### Provided information
+-------+

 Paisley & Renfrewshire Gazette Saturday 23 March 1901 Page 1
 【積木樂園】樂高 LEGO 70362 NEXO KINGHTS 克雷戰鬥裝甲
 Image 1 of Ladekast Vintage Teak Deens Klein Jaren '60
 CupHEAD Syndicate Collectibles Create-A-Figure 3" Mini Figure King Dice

+-------+

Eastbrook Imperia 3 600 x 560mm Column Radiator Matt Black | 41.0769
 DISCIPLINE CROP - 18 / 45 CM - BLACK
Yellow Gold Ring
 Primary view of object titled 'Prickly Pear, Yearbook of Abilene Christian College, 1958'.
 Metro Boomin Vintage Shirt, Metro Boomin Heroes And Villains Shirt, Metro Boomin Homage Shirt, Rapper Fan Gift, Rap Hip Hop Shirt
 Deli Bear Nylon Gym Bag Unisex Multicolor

+-------+

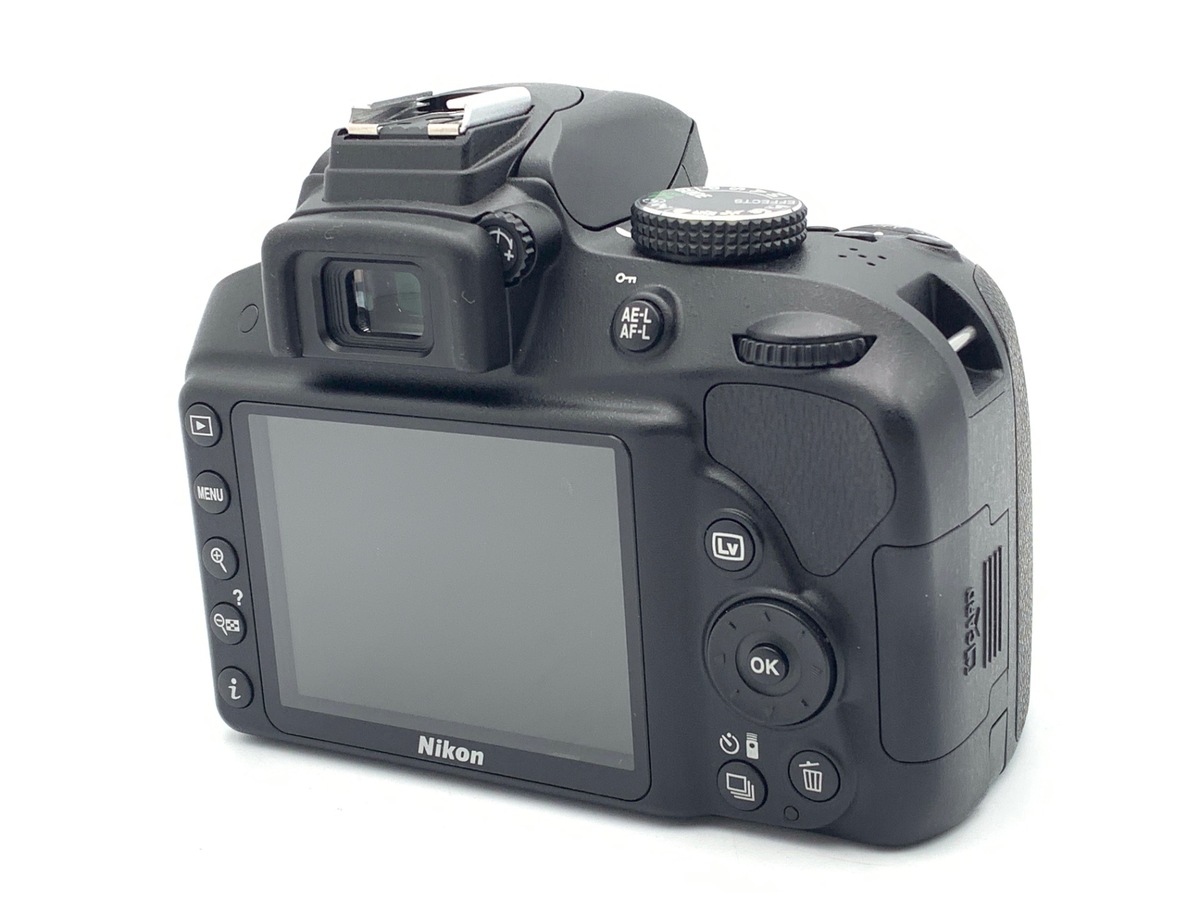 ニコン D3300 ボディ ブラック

+-------+

### Task brief
Report every line of the data in which "Vintage" appears.

### Answer to this task
 Image 1 of Ladekast Vintage Teak Deens Klein Jaren '60
 Metro Boomin Vintage Shirt, Metro Boomin Heroes And Villains Shirt, Metro Boomin Homage Shirt, Rapper Fan Gift, Rap Hip Hop Shirt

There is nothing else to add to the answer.